One of the beauties of SQL is in its ability to construct groupings from the values in a table and produce summary statistics for those groupings. In our baseball example, it is quite easy to calculate each player's career statistics, seasons played, etc. Let's see how this type of query is constructed by calculating each player's career RBI total.

A. Adding a GROUP BY clause to calculate the sum of values in a field

  1. Return to Design View (your Query 1 design should still be there) and remove the LAST_NAME and FIRST_NAME fields from the design grid.
  2. With the Design tab selected, click on the Totals button on the right side of the Ribbon in the Show/Hide group of buttons. This will add a Total row to the design grid with each field assigned the value Group By.
  3. Click in the Total cell under the RBI column and select Sum from the drop-down list (note the other options available on this list, especially Avg, Max, and Min).
  4. Grouping by both the player's name and the year won't yield the desired results, since the data in the STATS table are essentially already grouped in that way. We want the sum of the RBI values for each player across all years, so remove the YEAR column from the design grid and remove the >99 from the Criteria row.
  5. Modify the query so that the results are sorted from highest career RBI total to lowest.
    Screen capture of Aggregate SumRBI, sorted from highest career RBI total to lowest.
  6. Run the query and note that the RBI column name defaults to 'SumOfRBI'. You can override this by returning to Design View and entering a custom name (such as CareerRBI) and a colon before the RBI field name (following the PLAYER field example).

B. Use the Expression Builder to perform a calculation based on multiple field values

Home run hitters are often compared based on the frequency of their home run hitting (i.e., 'Player X averages a home run every Y times at bat').
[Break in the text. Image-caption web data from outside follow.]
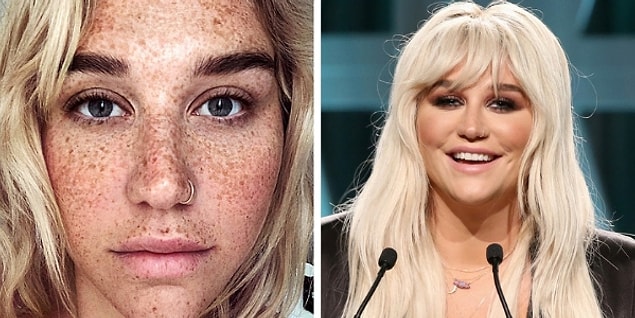1. Kesha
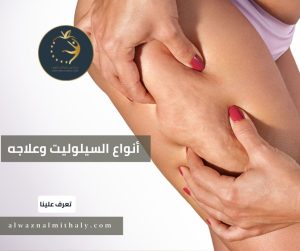 أنواع السيلوليت وعلاجه أنواع السيلوليت وعلاجه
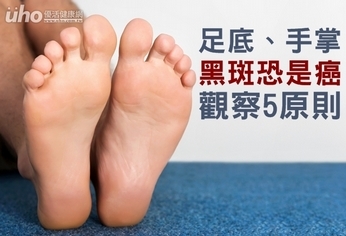 足底、手掌黑斑恐是癌!觀察5原則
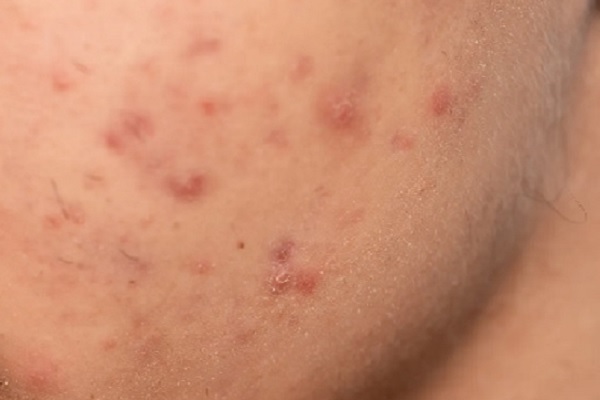 alopecia frontal fibrosante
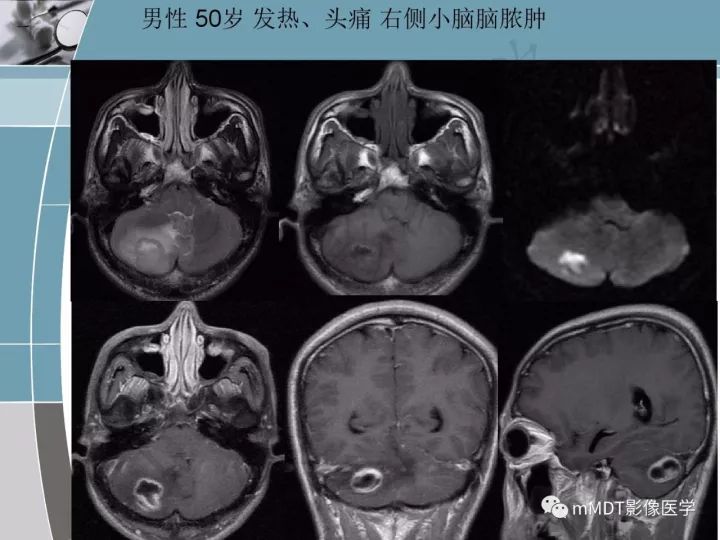 【PPT】血管母细胞瘤的MRI诊断及鉴别诊断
Let's calculate this value for each player and season.

  1. Click on the Totals button on the query Design toolbar to toggle off the Total row in the design grid.
  2. Remove the RBI field from the design grid.
  3. Add the YEAR field to the design grid.
  4. In the third column (which is empty), right-click in the Field cell and click on Build to pull up the Expression Builder as done earlier.
  5. Navigate inside the database and click on STATS to see a list of its fields.
  6. Use the GUI to build the following expression:
     
    ABPERHR: [STATS]![AB]/[STATS]![HR]
  7. If a player had 0 HR in a season, this calculation will generate an error (can't divide by 0, test the query and look for #Div/0!), so add the HR field to the design grid, add >0 to its Criteria cell and uncheck its Show checkbox.
  8. Sort the query results (not shown below) by the ABPERHR value from lowest to highest (since low values are better than high values).
    Screen capture to show Aggregate_ABPERHR, and position of GUI to build the expression.
  9. Run the query and note that the calculated values include several digits after the decimal point. These digits aren't really necessary, so return to Design View, right-click on the ABPERHR field and select Properties.
  10. A Property Sheet pane will appear on the right side of the window. Select Fixed from the Format drop-down list and set the Decimal Places value to 1.
  11. Re-run the query and confirm that you get the desired results.